§ **YOUR GOAL**: Only one span of the listing below should come back. It runs from the line with "פסים⁩ – תמונה ⁦5⁩" through the line with "Garwood, NJ 07027", and each of its lines must be reproduced exactly.

§ **DATA SHOWN**:
- Opening Delimiter -
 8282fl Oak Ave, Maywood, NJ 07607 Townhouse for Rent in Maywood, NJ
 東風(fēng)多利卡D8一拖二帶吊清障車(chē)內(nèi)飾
- Closing Delimiter -
- Opening Delimiter -
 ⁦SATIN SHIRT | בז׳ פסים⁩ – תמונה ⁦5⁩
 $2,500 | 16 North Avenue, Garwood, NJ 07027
- Closing Delimiter -
§ **RESPONSE AREA**:
 ⁦SATIN SHIRT | בז׳ פסים⁩ – תמונה ⁦5⁩
 $2,500 | 16 North Avenue, Garwood, NJ 07027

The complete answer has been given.